Utility functions and probabilities are entangled
Originally posted as an EA forum comment.
Suppose that there are two effective altruist billionaires, April and Autumn. Originally they were funding AMF because they thought funding AI alignment would be 0.001% likely to work and solving alignment would be as good as saving 10 billion lives, which is an expected value of 100,000 lives, lower than they could get by funding AMF.
After being in the EA community a while, they switched to funding alignment research for different reasons.
April updated upwards on tractability. She thinks research on AI alignment is 10% likely to work, and solving alignment is as good as saving 10 billion lives.
Autumn now buys longtermist moral arguments. She thinks research on AI alignment is 0.001% likely to work, and solving alignment is as good as saving 100 trillion lives.
Both of them assign the same expected utility to alignment -- 1 billion lives. As such, they will make the same funding decisions. So even though April made an epistemic update and Autumn a moral update, we cannot distinguish between them from behavior alone.
This extends to a general principle: actions are driven by a combination of your values and subjective probabilities, and any given action is consistent with many different combinations of utility function and probability distribution.
As a second example, suppose Bart is an investor who makes risk-averse decisions (say, invests in bonds rather than stocks). He might do this for two reasons:
He would get a lot of disutility from losing money (maybe it’s his retirement fund).
He irrationally believes the probability of losing money is higher than it actually is (maybe he is biased because he grew up during a financial crash).

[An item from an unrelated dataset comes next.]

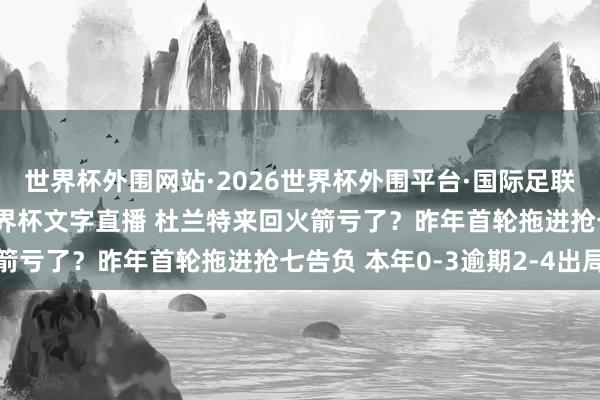 世界杯外围网站·2026世界杯外围平台·国际足联世界杯外围,2026世界杯文字直播 杜兰特来回火箭亏了?昨年首轮拖进抢七告负 本年0-3逾期2-4出局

These different combinations of probability and utility inform the same risk-averse behavior. In fact, probability and utility are so interchangeable that professional traders—just about the most calibrated, rational people with regard to probability of losing money, and who are only risk-averse for reason (1) -- often model financial products as if losing money is more likely than it actually is, because it makes the math easier.[1]
Implication
When observing that someone’s behavior has changed, it’s not obvious what changes are value drift vs. epistemic updates. You have to have some information besides behavior alone, or you’ll have this extra degree of freedom in making interpretations.
- ^
Formally, this is using the risk-neutral probability measure rather than the real probability measure to price products; in finance circles it’s apparently said that such people are living in ” world”.
This seems relevant.
Yup. Seems to be an instance of the general principle that black-box agents can be assigned any values whatsoever.
Why can’t we use wrong probabilities in real life?
There are various circumstances where I want to “rotate” between probabilities and utilities in real life, in ways that still prescribe the correct decisions. For example, if I have a startup idea and want to maximize my expected profit, I’d be much more emotionally comfortable with thinking it has a 90% chance of making $1 billion than a 10% chance of making $9 billion. So why can’t we use wrong probabilities in real life?I think there are three major reasons why this doesn’t always work.
Idea: with a bounded world-model, messing with your probabilities changes probabilities of other things.
Idea: It’s just easier to have the correct policy if your probabilities are aligned with frequentist probabilities. Despite the extra degree of freedom, we don’t know of any better algorithm that lets us update towards the correct combination of probability and utility, other than getting each right individually.
You can no longer use evidence the same way.
Suppose you believe your startup is 90% to succeed, rather than the true probability of 10%.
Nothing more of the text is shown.